Maniphest T206067

Wikimedia Technical Conference 2018 Session - Integrating machine learning into our products
Closed, ResolvedPublic
Actions

Assigned To

Authored By

	debt
	Oct 2 2018, 10:54 PM

Description

Session Themes and Topics

Theme: Defining our products, users and use cases
Topic: How do we integrate Machine Learning into our products?

Session Leader

Aaron Halfaker

Facilitator

Kate Chapman

Description

This session looks at the use of machine learning and other types of automated assessments in the Wikimedia ecosystem. We’ll discuss what Wikimedia needs to do in order to embrace the challenges of operating infrastructure for machine learning. We’ll discuss the interface between long term maintenance of AI services with new product development.

Keep in mind:

We'll be covering a wide range of topics from ecosystems, to funding technology teams. Machine learning is a subject of discussion, but we'll have no time to discuss technical details.

Desired Outcomes:

A common understanding on what investments into AI will cost us
Alignment on which AIs to invest in next

Questions to answer during this session

Question	Significance: Why is this question important? What is blocked by it remaining unanswered?
What is an ecosystem? What’s a technology ecosystem? What makes an ecosystem healthy?	We talk about our “technology ecosystem” but does anyone really understand what an ecosystem is, how they operate, and what their constraints are? This question is important so that we can develop a common language and a common understanding of what technical ecosystem health looks like.
Where has ML been used within the Wikimedia ecosystem? What are some successes we can be inspired by? What kinds of predictions/assessments/rankings do we want to have access to next?	Machine learning is a relatively new technology. Most people don’t understand what it is or what it can do for them. Through discussing the impacts that ML has already had, participants will gain a grasp of what ML has to offer and why it may be worth substantial investment of time and resources. Examples include simple classifiers(ORES), similarity indexes (Elastic search), and the merging of the two (LTR). Is the next step general recommender infrastructure? Image processing? Knowledge integrity? What do we need to do in the next 5 years.
What does ML cost? What kind of time and resources do we need to make ML sustainable?	ML might seem like magic, but it’s definitely not free. ORES and the Scoring Platform team are an example of what it takes to invest in ML infrastructure. Knowing what it costs to maintain an ML service can help us know how to plan our investments wisely. It can also help us avoid under-investing and thus creating weak foundations on which to build.
How do we integrate automated assessments in to the wiki interface? What concerns present themselves when machines begin to encroach on subjective judgement?	Automated analysis isn’t particularly useful on its own; it’s a tool that is designed to make life easier for the wiki communities. In order to achieve this the outputs of these tools need to be meaningful, and need to be embedded in human-machine processes that our users will act out. How do we fit machines into current workflows or use them to enable new workflows? How do we deal with the issues that will inevitably arise from having a machine take on roles that were once purely human? These are questions we must must answer in order to proceed with augmented product development.
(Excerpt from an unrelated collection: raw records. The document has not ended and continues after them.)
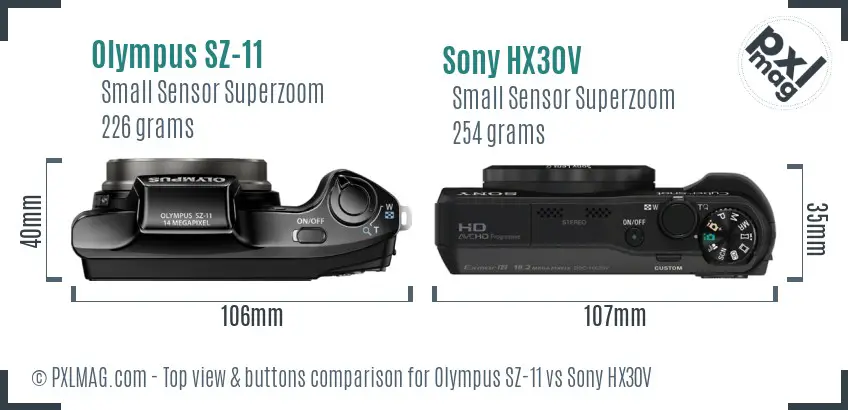 Olympus SZ-11 vs Sony HX30V top view buttons comparison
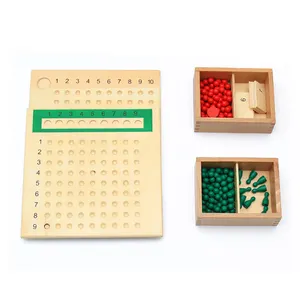 मोंटेसरी लकड़ी के खिलौने बच्चों सीखने सामग्री गणित शिक्षण संसाधनों गुणन मनका बोर्ड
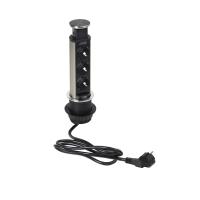 Выдвижной удлинитель Vulcan, 60 мм 3 розетки, крышка металл, шлифованная сталь, AKS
Facilitator and Scribe notes

https://docs.google.com/document/d/1Q7FvPUw6S1SNLkAbPnwKsDKyKa4ggR4BHhSL6VQJw3Y

Facilitator reminders

https://www.mediawiki.org/wiki/Wikimedia_Technical_Conference/2018/Session_Guide#Session_Guidance_for_facilitators

Resources:

https://phabricator.wikimedia.org/tag/artificial-intelligence/
What is an ecosystem?
- https://etherpad.wikimedia.org/p/wmtc18_ml_ecosystem
Where has/should ML been/be used within the Wikimedia ecosystem?
- https://etherpad.wikimedia.org/p/wmtc18_ml_where
What does ML cost?
- https://etherpad.wikimedia.org/p/wmtc18_ml_cost
How do we integrate automated assessments in human-lead processes?
- https://etherpad.wikimedia.org/p/wmtc18_ml_humans

Session Structure

Brief keynote by @Halfak (Ecosystems, AIs, ORES, and investments in the Technology dept.)
Break out groups to tackle questions
- What is an ecosystem? What’s a technology ecosystem? What makes an ecosystem healthy?
- Where has ML been used within the Wikimedia ecosystem? What next?
- What does ML cost? What kind of time and resources do we need to make ML sustainable?
- How do we integrate automated assessments in to the wiki processes?

Session Leaders please:

Add more details to this task description.
Coordinate any pre-event discussions (here on Phab, IRC, email, hangout, etc).
Outline the plan for discussing this topic at the event.
Optionally, include what it will not try to solve.
Update this task with summaries of any pre-event discussions.
Include ways for people not attending to be involved in discussions before the event and afterwards.

Post-event Summary:

Action items:

Event Timeline

debt created this task.Oct 2 2018, 10:54 PM

Restricted Application added a subscriber: Aklapper. · View Herald TranscriptOct 2 2018, 10:54 PM

• kchapman renamed this task from Wikimedia Technical Conference 2018 Session - How do we integrate Machine Learning into our products? to Wikimedia Technical Conference 2018 Session - Integrating machine learning into our products.Oct 3 2018, 2:40 AM

• Rfarrand moved this task from Backlog to Core Session on the Wikimedia-Technical-Conference-2018 board.Oct 4 2018, 6:18 PM

debt updated the task description. (Show Details)Oct 4 2018, 11:50 PM

debt added a subscriber: Halfak.

debt updated the task description. (Show Details)Oct 4 2018, 11:52 PM

ssastry assigned this task to Halfak.Oct 5 2018, 9:50 PM

debt updated the task description. (Show Details)Oct 10 2018, 2:04 PM

Halfak updated the task description. (Show Details)Oct 16 2018, 3:04 PM

debt updated the task description. (Show Details)Oct 17 2018, 11:37 PM

debt edited subscribers, added: • kchapman; removed: Halfak.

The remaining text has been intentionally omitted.